Échapper aux réglementations européennes
L’Europe prépare deux gros chantiers visant à responsabiliser les entreprises. D’abord, une directive sur le reporting des facteurs environnementaux, sociaux et de gouvernance (ESG), appelée CSRD pour Corporate Sustainability Reporting Directive, dont le but est de renforcer la transparence des entreprises sur les enjeux de durabilité. Ensuite, elle s’active sur la mise en place d’un devoir de vigilance obligeant les entreprises multinationales à assurer une activité de production respectueuse des droits humains et de l’environnement sur l’ensemble de leur chaîne d’approvisionnement. Deux réglementations auxquelles Shell pourrait échapper en partant en Grande-Bretagne, craint Justice Ripoll de Notre Affaire à tous.
“Cela pourrait avoir un impact concernant l’applicabilité de futures directives européennes dans un contexte post-Brexit”, avance-t-elle. “La question de pose également sur l’objectif de neutralité carbone de l’Union européenne en 2050”, ajoute François Cambiaire. Certes le Royaume-Uni possède un “duty of care”, qui a posé les bases du devoir de vigilance, et travaille, lui aussi, à un dispositif équivalent à la CSRD mais les ONG et spécialistes s’inquiètent d’un possible “dumping environnemental”.

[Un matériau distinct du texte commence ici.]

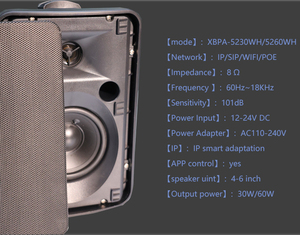 Loa hoạt động thương hiệu nổi tiếng XBPA, lắp trần, gắn tường, <span class=keywords><strong>2</strong></span> kênh, 4 kênh - Product Image 4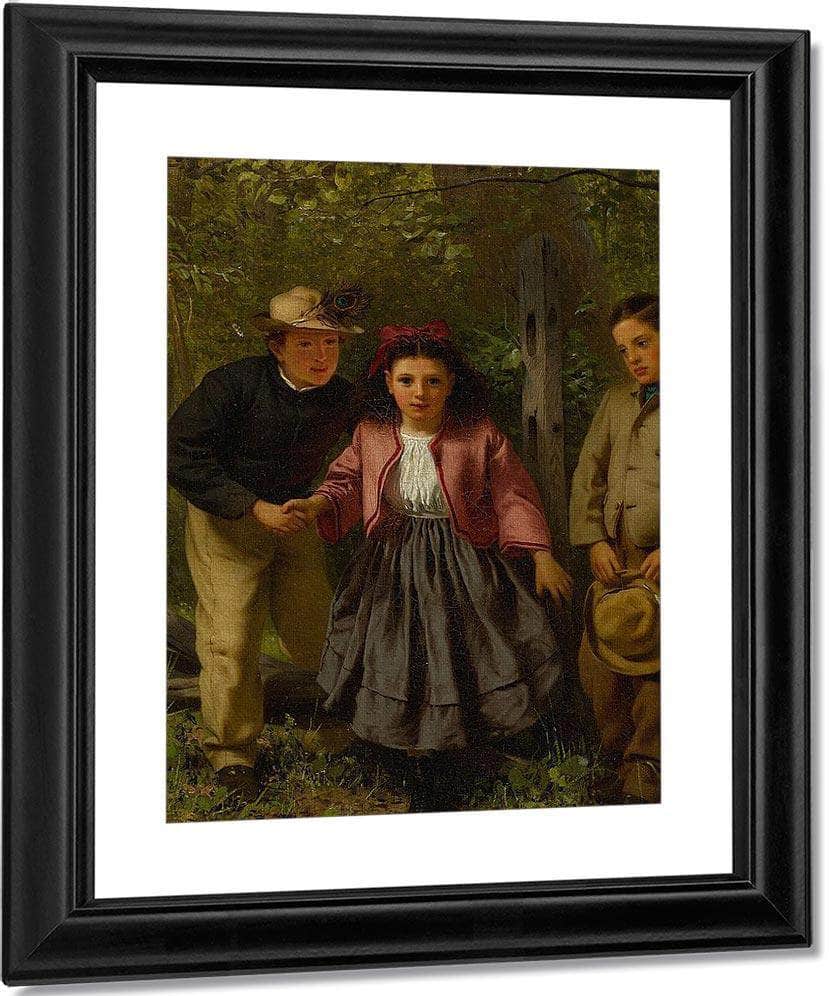 Children In The Forest By John George Brown Fine Art Print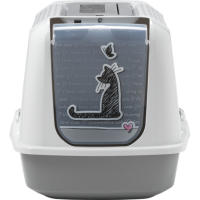 Gaun -Casa de aseo con filtro Arenero Cats in love Moderna - 50cm - details 0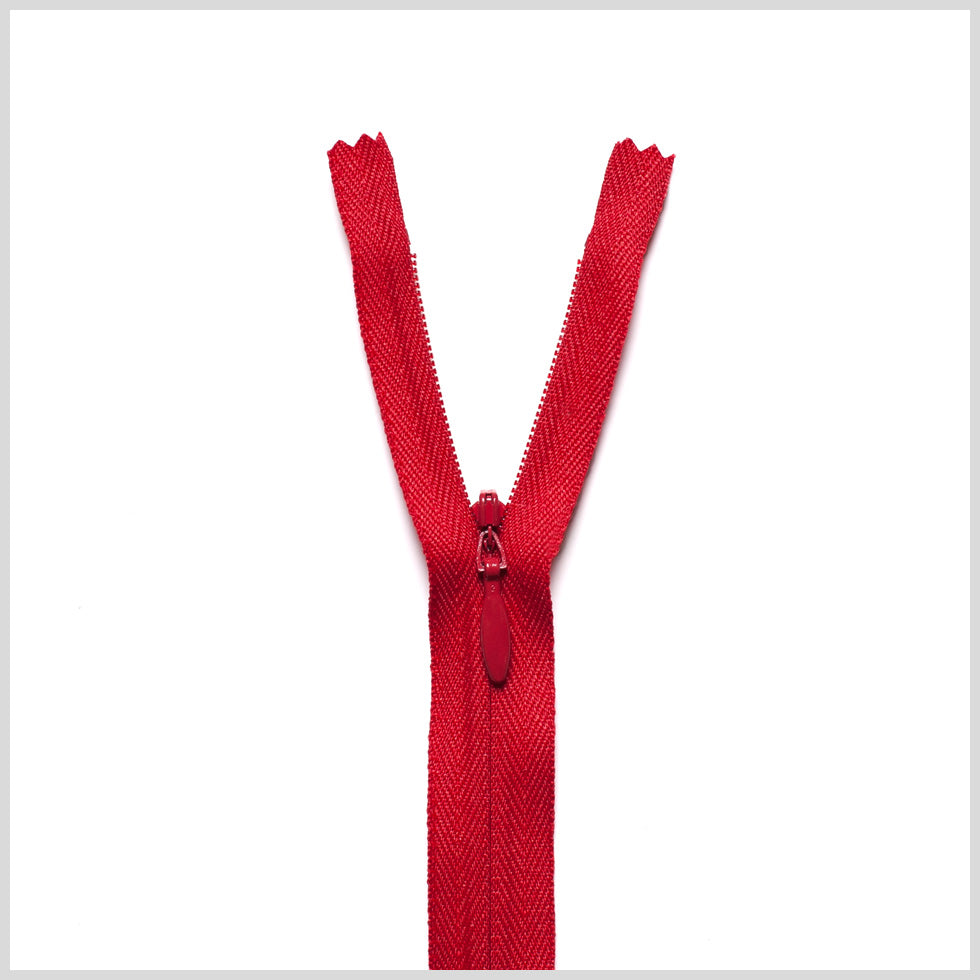 Invisible Zipper 9" by YKK - 519 Fire Engine Red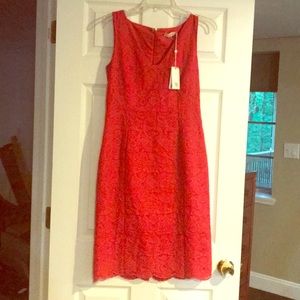 Coral and cute - lace and fully lined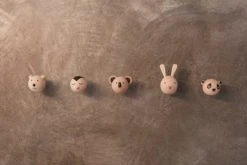 OYOY Living Design Portemanteaux Et Patères Enfant Crochet Lapin En Bois H8cm -Luminaires enfant Soldes crochet lapin en bois h8cm 4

Autre sujet de tension : la fiscalité et la taxation des dividendes. Alors que les Pays-Bas sont régulièrement taxés de paradis fiscaux, le gouvernement a mis en place une taxe de 15 % sur les dividendes qui déplaît à Shell. Selon le Financial Times, le gouvernement a lancé une tentative de dernière minute pour l’abolir et ainsi retenir Shell sous le pavillon néerlandais. En 2020, c’est le groupe agroalimentaire anglo-néerlandais Unilever qui a fait le choix de partir de La Haye pour rejoindre Londres.